Top of TASK MATERIAL

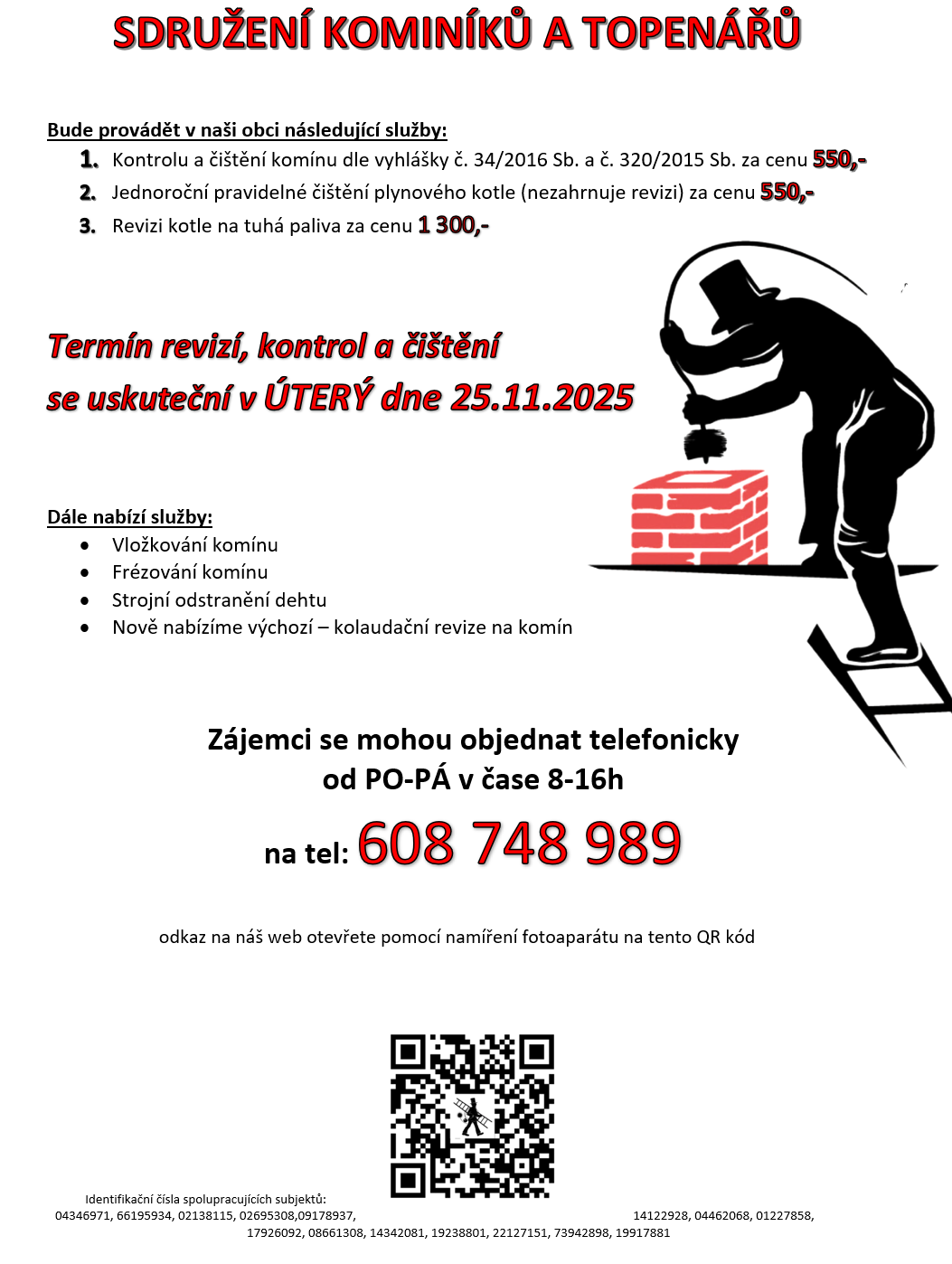 Náhledový obrázek článku: SDRUŽENÍ KOMINÍKŮ A TOPENÁŘŮ
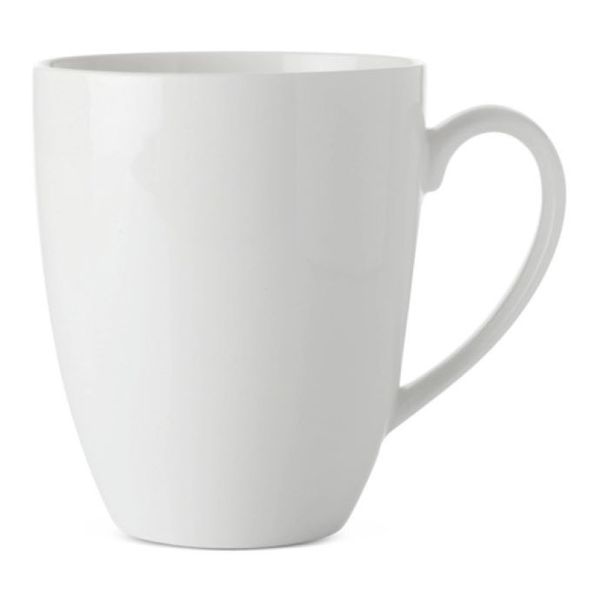 Claire's Just White Mugs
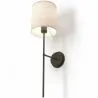 Lampada Applique da Parete - Nera con Paralume in Tela - Dena image 7
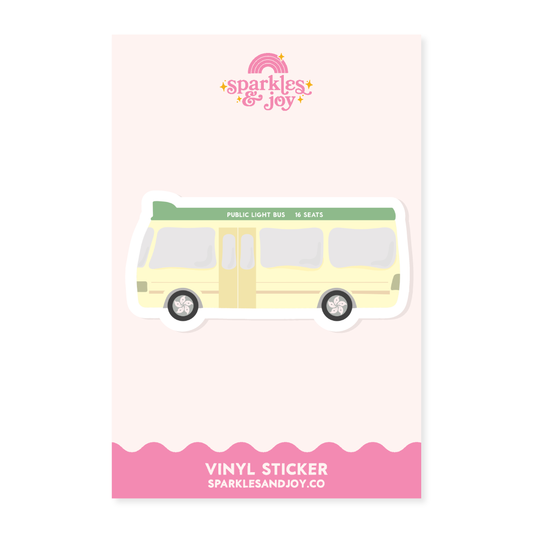 Minibus - Matte Vinyl Sticker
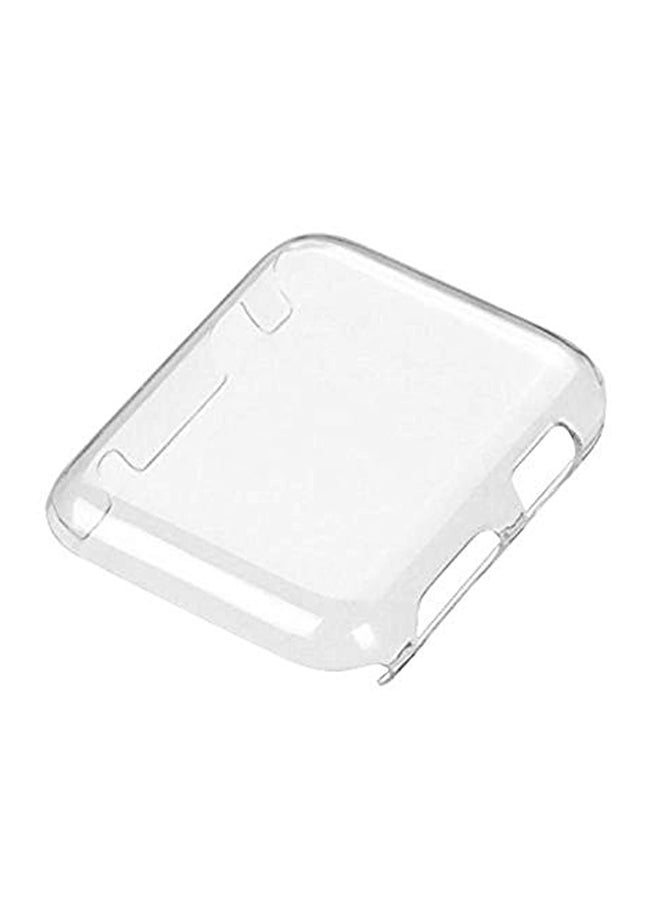 Snap-On LCD Screen Hard Case Cover For Apple Watch Series 1 Sports 38mm Clear - Image 1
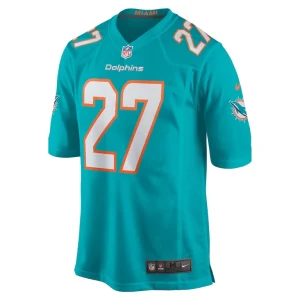 Ethan bonner miami dolphins nike game jersey Aqua M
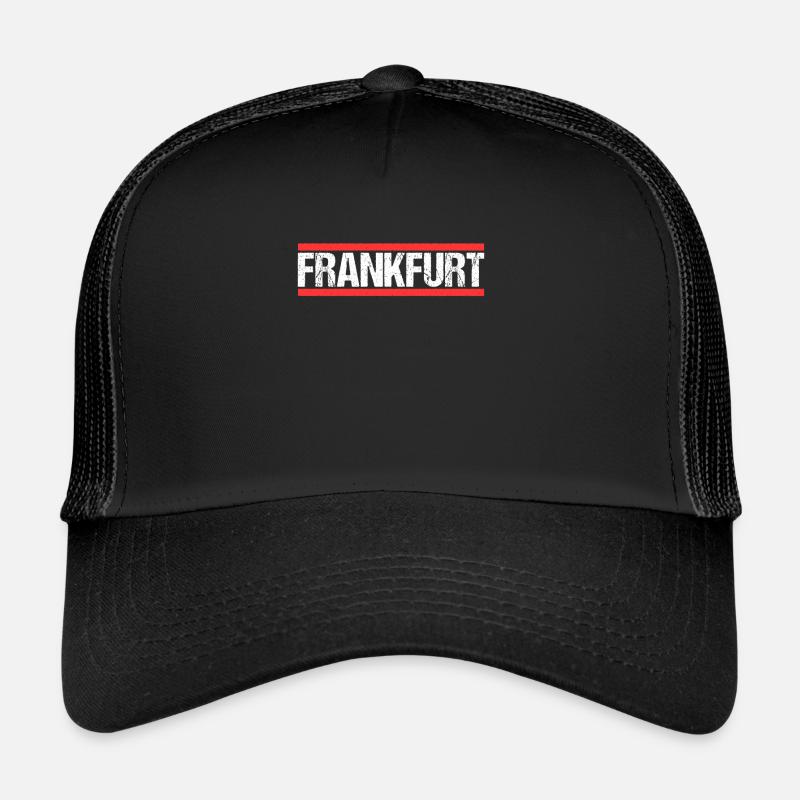 Frankfurterin Frankfurter Frankfurt - Trucker Cap - Schwarz/Schwarz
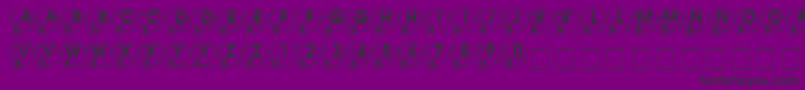 Whatpossuse Font – Black Fonts on Purple Background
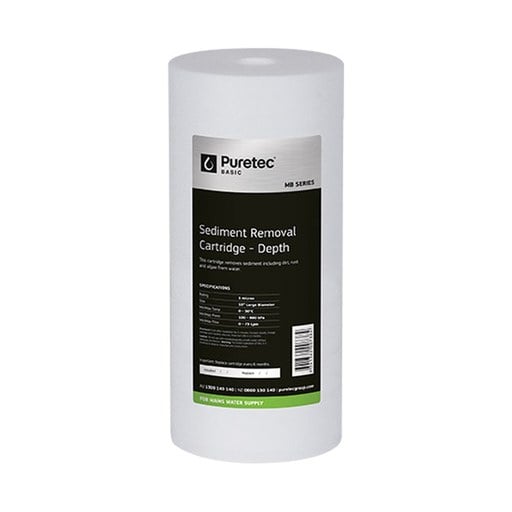 Puretec 10" x 4.5" Melt Blown Sediment Cartridge 5 Micron MB05LD1
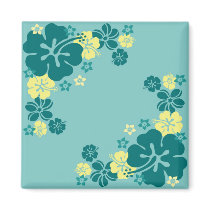 Hawaiian Flowers Magnets magnets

Bottom of TASK MATERIAL

### ACTIVITY
For every entry above, please output the text exactly and leave any picture behind.

### EXERCISE OUTPUT
 Náhledový obrázek článku: SDRUŽENÍ KOMINÍKŮ A TOPENÁŘŮ
 Claire's Just White Mugs
 Lampada Applique da Parete - Nera con Paralume in Tela - Dena image 7
 Minibus - Matte Vinyl Sticker
 Snap-On LCD Screen Hard Case Cover For Apple Watch Series 1 Sports 38mm Clear - Image 1
 Ethan bonner miami dolphins nike game jersey Aqua M
 Frankfurterin Frankfurter Frankfurt - Trucker Cap - Schwarz/Schwarz
 Whatpossuse Font – Black Fonts on Purple Background
 Puretec 10" x 4.5" Melt Blown Sediment Cartridge 5 Micron MB05LD1
 Hawaiian Flowers Magnets magnets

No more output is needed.